SOURCESHFRRF Actuarial Analysis by Michael Ribble, FSA, MAAA, Buck, March 22, 2023.
Actuarial Review by David Fee, ASA, EA, Staff Actuary, Pension Review Board, March 27, 2023.
GLOSSARYActuarial Accrued Liability (AAL) -The current value of benefits attributed to past years.
Actuarial Value of Assets (AVA) - The value of assets used for the actuarial valuation. The AVA can be either the market value (MVA) or a smoothed value of assets.
Amortization Payments - The portion of the total contribution used to reduce the unfunded actuarial accrued liability (UAAL).
Amortization Period - The specified length of time used when calculating the amortization payment portion of an actuarially determined contribution, or as the time it would theoretically take to fully fund the UAAL or fully recognize a surplus. The State Pension Review Board recommends that funding should be sufficient to cover the normal cost and to amortize the UAAL over as brief a period as possible, but not to exceed 30 years, with 10-25 years being the preferable target range.

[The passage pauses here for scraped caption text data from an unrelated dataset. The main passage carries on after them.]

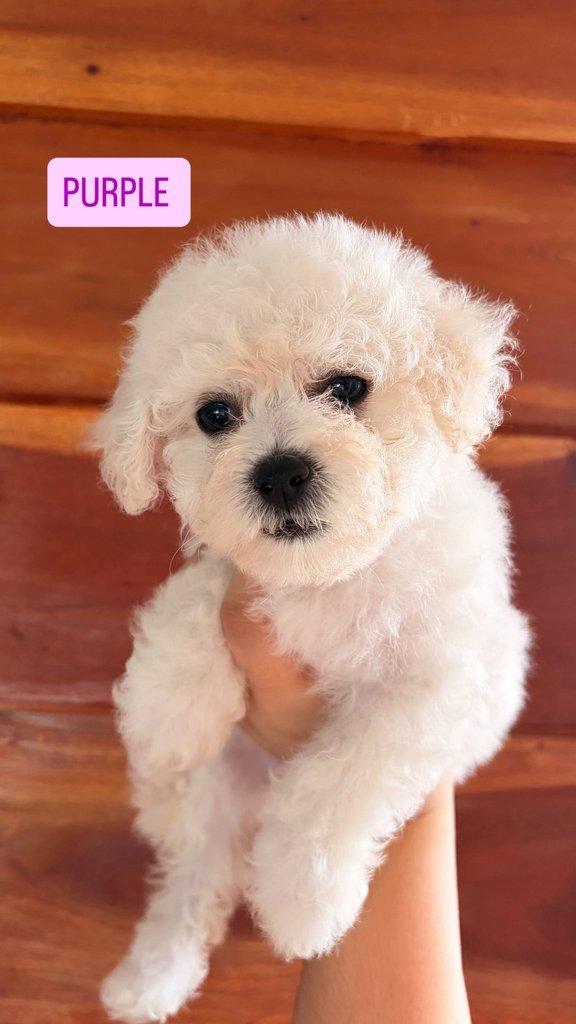 K dispozici Bišonek Frisé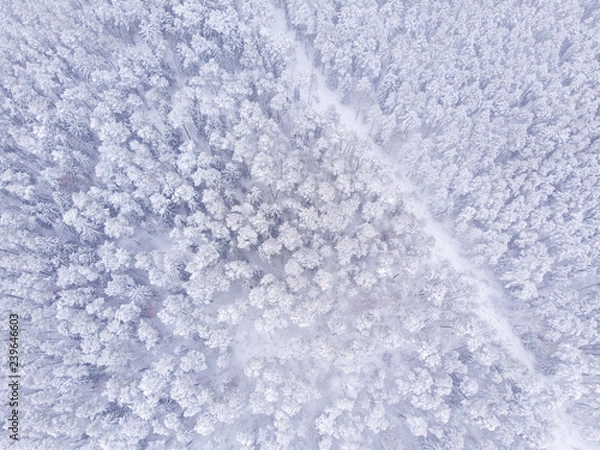 Fototapeta Aerial view of snowy forest. Aerial view of forest in winter. Done view of snow and forest.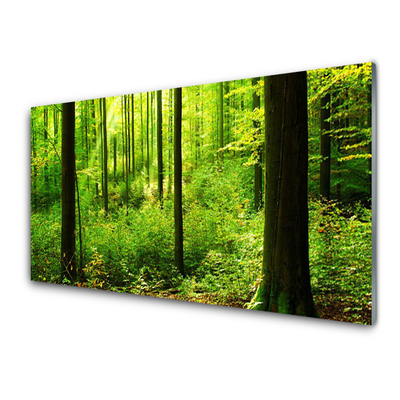Slika na steklu Green forest trees narava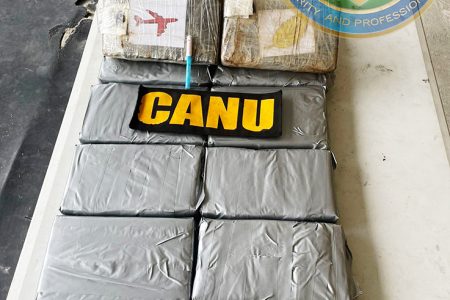 The parcels of cocaine which were found in the container at the Demerara Shipping Limited, Lombard Street, Georgetown yesterday. (CANU photos)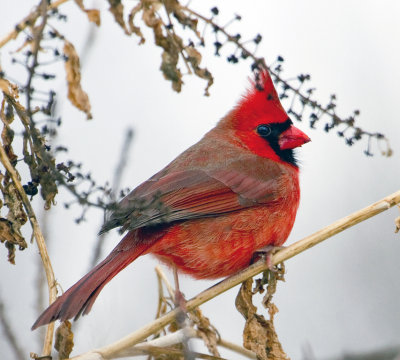 Cardinal Eating Berries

Actuarial Cost Method -An actuarial cost method is a way to allocate pieces of a participant's total expected benefit to each year of their working career. In other words, it is a technique to determine how much of the present value of future benefits (PVFB) to assign to past service (AAL) vs. future service (present value of future normal costs, or PVFNC).
Funded Ratio (FR) - The ratio of actuarial assets to the actuarial accrued liabilities.
Market Value of Assets (MVA) - The fair market value of the system's assets.
Normal Cost (NC) - Computed differently under different actuarial cost methods, the normal cost generally represents the current value of benefits attributed to the present year. The employer normal cost equals the total normal cost of the plan reduced by employee contributions.
Present Value of Future Benefits (PVFB) - The current value of all benefits expected to be paid from the plan to current plan participants.
Present Value of Future Normal Costs (PVFNC) - The current value of benefits attributed to the present year and all future years (includes the normal cost as the first year).
Unfunded Actuarial Accrued Liability (UAAL) - The difference between the actuarial accrued liability and the actuarial value of assets; therefore, the UAAL is the amount that is still owed to the fund for past obligations.